Hi @vdestraitt! Just nipticking on the step definition, I think I would vote for a simpler vocabulary such as:

{
   name: 'aggregate',
   on: ['column1', 'column2'],
   aggregations:  [
      {
          name: 'sum_value1'
          operation: 'sum'
          column: 'value1',
      }
   # ...
  ]

I wonder if each aggregation should not itself be a generic "function" step definition (to be defined) that could be reused out of the aggregation context and that would allow arbitrary expressions rather than just applying funciton on (one) column.

vdestraitt commented 5 years ago

Hi @adimascio ! I agree on the proposed vocabulary, I find it better ('on' and 'aggregations'). But I find simpler if an aggregation is just defined by 2 parameters: the target column and a basic operation (or 'agg_function' which I find maybe more explanatory).

Not sure to understand your comment about a generic function step definition. Does it mean that you would like to be able to define more complex aggregation functions (maybe a combination of aggregation functions and scalars for exemple ?) independently of the 'aggregate' step, and then call it when needed in any step needing a function ?

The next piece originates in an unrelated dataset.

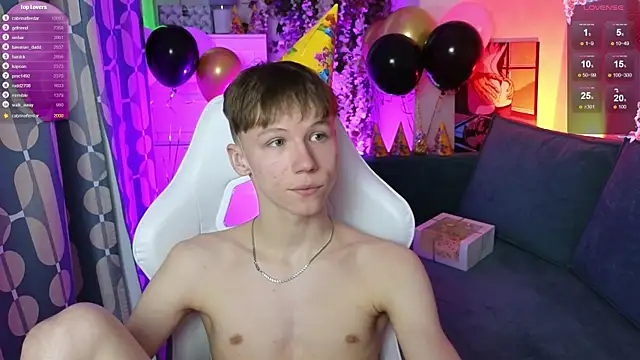 cuMte boy online show from March 26, 2026, 1:15 am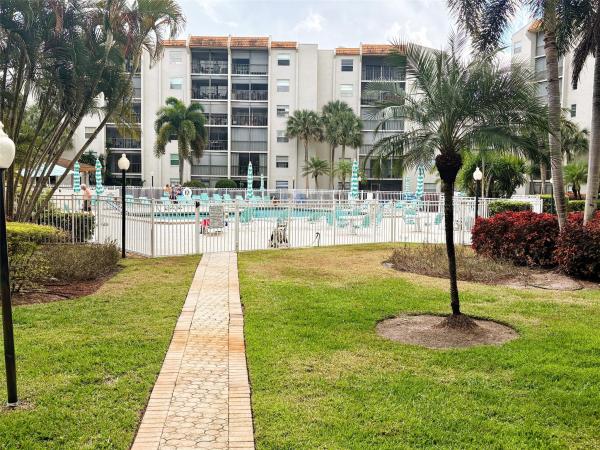 18th Hole At Inverrary, 3940 Inverrary Blvd #701A, Lauderhill, Florida 33319, image 1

If so, I think it may be an interesting idea in the future but 100% of our historical use cases consist in applying basic aggregation functions (count, sum etc.). Also, this basic approach is enough to answer more complex use case as you can combine several 'basic' aggregation and project a formula.

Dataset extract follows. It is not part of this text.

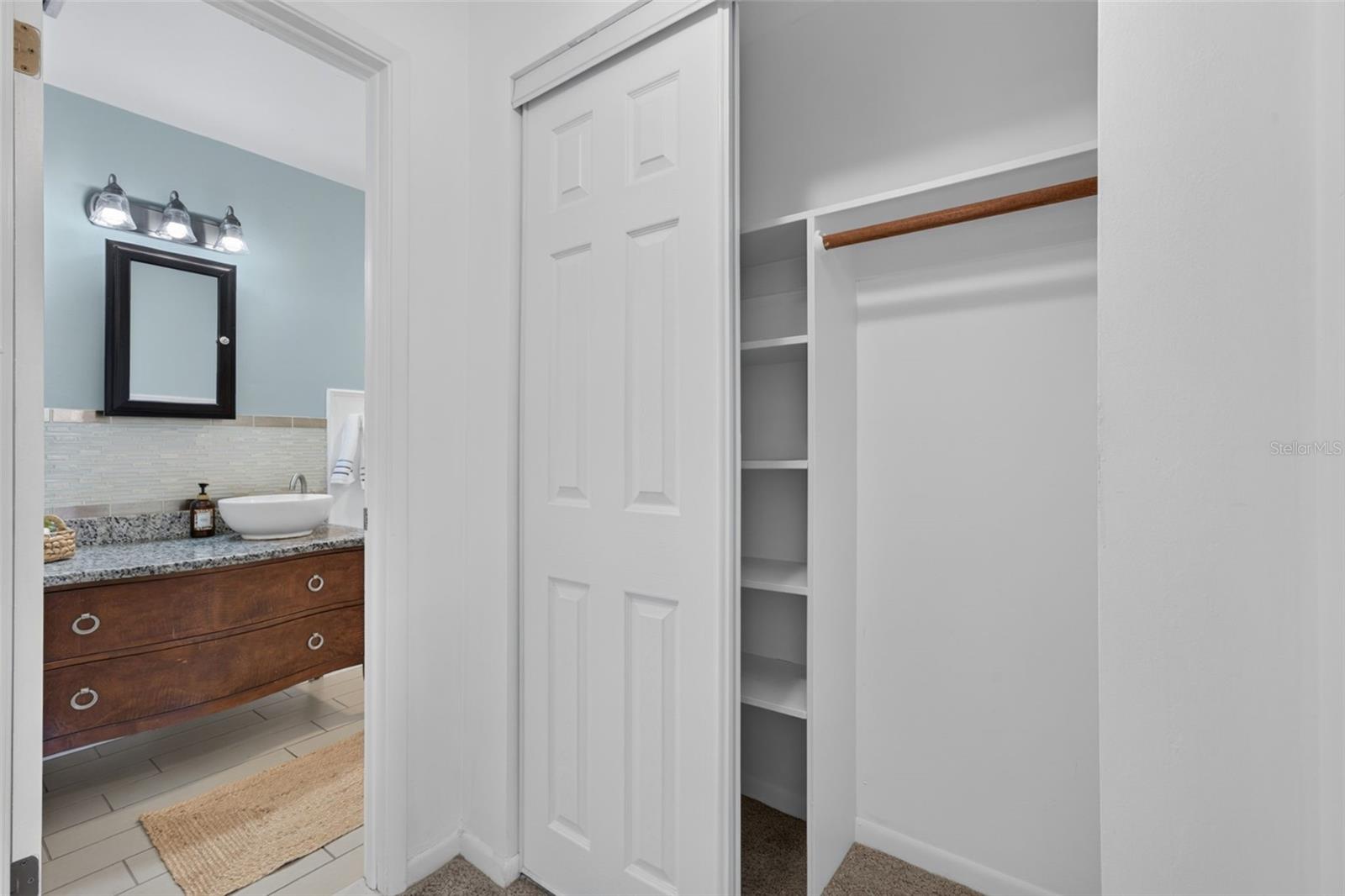 6025 Shore Blvd S #304 Property Photo 37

Last comment: not every function that may be defined outside of an aggregation context can be used for aggregation purposes... So it may become tricky to explain to our end users.

adimascio commented 5 years ago

Does it mean that you would like to be able to define more complex aggregation functions (maybe a combination of aggregation functions and scalars for exemple ?) independently of the 'aggregate' step, and then call it when needed in any step needing a function ?

That is what I meant, yes but let's keep that for later.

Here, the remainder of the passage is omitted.